By the third resolution the meeting indicate their opinion that military arrests may be constitutional in localities where rebellion actually exists; but that such arrests are unconstitutional in localities where rebellion, or insurrection, does not actually exist. They insist that such arrests shall not be made “outside of the lines of necessary military occupation, and the scenes of insurrection” In asmuch, however, as the constitution itself makes no such distinction, I am unable to believe that there is any such constitutional distinction.

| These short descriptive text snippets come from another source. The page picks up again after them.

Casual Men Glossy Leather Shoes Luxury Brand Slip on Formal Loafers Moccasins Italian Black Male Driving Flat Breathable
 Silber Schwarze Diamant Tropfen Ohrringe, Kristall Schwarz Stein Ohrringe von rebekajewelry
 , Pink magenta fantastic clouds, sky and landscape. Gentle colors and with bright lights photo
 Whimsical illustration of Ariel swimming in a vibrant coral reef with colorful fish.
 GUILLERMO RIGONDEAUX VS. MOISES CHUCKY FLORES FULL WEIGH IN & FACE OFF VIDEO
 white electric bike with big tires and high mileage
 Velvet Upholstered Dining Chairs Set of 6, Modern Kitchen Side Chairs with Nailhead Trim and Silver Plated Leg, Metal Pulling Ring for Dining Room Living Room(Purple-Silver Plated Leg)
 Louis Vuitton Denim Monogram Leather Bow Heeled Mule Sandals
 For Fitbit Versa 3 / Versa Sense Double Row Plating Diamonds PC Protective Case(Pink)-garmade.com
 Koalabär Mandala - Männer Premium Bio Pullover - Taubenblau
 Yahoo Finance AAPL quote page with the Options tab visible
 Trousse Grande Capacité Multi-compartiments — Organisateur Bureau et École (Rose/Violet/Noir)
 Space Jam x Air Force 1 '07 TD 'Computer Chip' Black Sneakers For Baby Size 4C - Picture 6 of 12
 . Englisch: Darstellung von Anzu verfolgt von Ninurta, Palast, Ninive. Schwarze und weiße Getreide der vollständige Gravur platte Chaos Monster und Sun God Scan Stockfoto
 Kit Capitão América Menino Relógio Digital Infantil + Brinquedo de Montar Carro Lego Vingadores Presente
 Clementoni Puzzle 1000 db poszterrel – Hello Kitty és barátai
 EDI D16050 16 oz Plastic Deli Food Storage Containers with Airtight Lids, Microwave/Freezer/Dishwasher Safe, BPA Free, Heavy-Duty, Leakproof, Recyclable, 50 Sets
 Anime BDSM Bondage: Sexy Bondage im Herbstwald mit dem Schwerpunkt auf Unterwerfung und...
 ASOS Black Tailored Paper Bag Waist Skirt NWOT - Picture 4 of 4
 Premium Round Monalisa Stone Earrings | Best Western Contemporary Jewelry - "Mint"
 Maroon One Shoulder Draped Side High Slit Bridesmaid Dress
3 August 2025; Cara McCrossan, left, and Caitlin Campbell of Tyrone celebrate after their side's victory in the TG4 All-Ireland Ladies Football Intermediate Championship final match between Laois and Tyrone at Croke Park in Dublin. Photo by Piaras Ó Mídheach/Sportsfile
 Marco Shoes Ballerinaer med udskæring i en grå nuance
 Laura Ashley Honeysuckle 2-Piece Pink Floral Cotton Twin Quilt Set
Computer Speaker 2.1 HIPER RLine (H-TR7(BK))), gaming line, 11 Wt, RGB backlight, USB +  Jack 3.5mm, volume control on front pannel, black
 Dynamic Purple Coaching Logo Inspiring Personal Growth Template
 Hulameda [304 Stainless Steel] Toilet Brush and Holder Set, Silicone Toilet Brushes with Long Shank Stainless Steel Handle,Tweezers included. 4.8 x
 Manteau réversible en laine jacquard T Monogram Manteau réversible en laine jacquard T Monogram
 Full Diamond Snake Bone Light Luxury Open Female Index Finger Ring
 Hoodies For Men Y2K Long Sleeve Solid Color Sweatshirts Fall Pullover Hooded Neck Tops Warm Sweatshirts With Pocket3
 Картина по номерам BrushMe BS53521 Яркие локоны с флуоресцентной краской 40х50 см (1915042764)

I concede that the class of arrests complained of, can be constitutional only when, in cases of Rebellion or Invasion, the public Safety may require them; and I insist that in such cases, they are constitutional wherever the public safety does require them—as well in places to which they may prevent the rebellion extending,as in those where it may be already prevailing—as well where they may restrain mischievous interference with the raising and supplying of armies, to suppress the rebellion, as where the rebellion may actually be—as well where they may restrain the enticing men out of the army, as where they would prevent mutiny in the army—equally constitutional at all places where they will conduce to the public Safety, as against the dangers of Rebellion or Invasion.
 
Take the particular case mentioned by the meeting. They assert [It is asserted] in substance that Mr. Vallandigham was by a military commander, seized and tried “for no other reason than words addressed to a public meeting, in criticism of the course of the administration, and in condemnation of the military orders of that general” Now, if there be no mistake about this—if this assertion is the truth and the whole truth—if there was no other reason for the arrest, then I concede that the arrest was wrong. But the arrest, as I understand, was made for a very different reason. Mr. Vallandigham avows his hostility to the war on the part of the Union; and his arrest was made because he was laboring, with some effect, to prevent the raising of troops, to encourage desertions from the army, and to leave the rebellion without an adequate military force to suppress it. He was not arrested because he was damaging the political prospects of the administration, or the personal interests of the commanding general; but because he was damaging the army, upon the existence, and vigor of which, the life of the nation depends. He was warring upon the military; and this gave the military constitutional jurisdiction to lay hands upon him. If Mr. Vallandigham was not damaging the military power of the country, then his arrest was made on mistake of fact, which I would be glad to correct, on reasonably satisfactory evidence.
 
I understand the meeting, whose resolutions I am considering, to be in favor of suppressing the rebellion by military force—by armies. Long experience has shown that armies can not be maintained unless desertion shall be punished by the severe penalty of death. The case requires, and the law and the constitution, sanction this punishment. Must I shoot a simple-minded soldier boy who deserts, while I must not touch a hair of a wiley agitator who induces him to desert? This is none the less injurious when effected by getting a father, or brother, or friend, into a public meeting, and there working upon his feeling, till he is persuaded to write the soldier boy, that he is fighting in a bad cause, for a wicked administration of a contemptable government, too weak to arrestand punish him if he shall desert. I think that in such a case, to silence the agitator, and save the boy, is not only constitutional, but, withal, a great mercy.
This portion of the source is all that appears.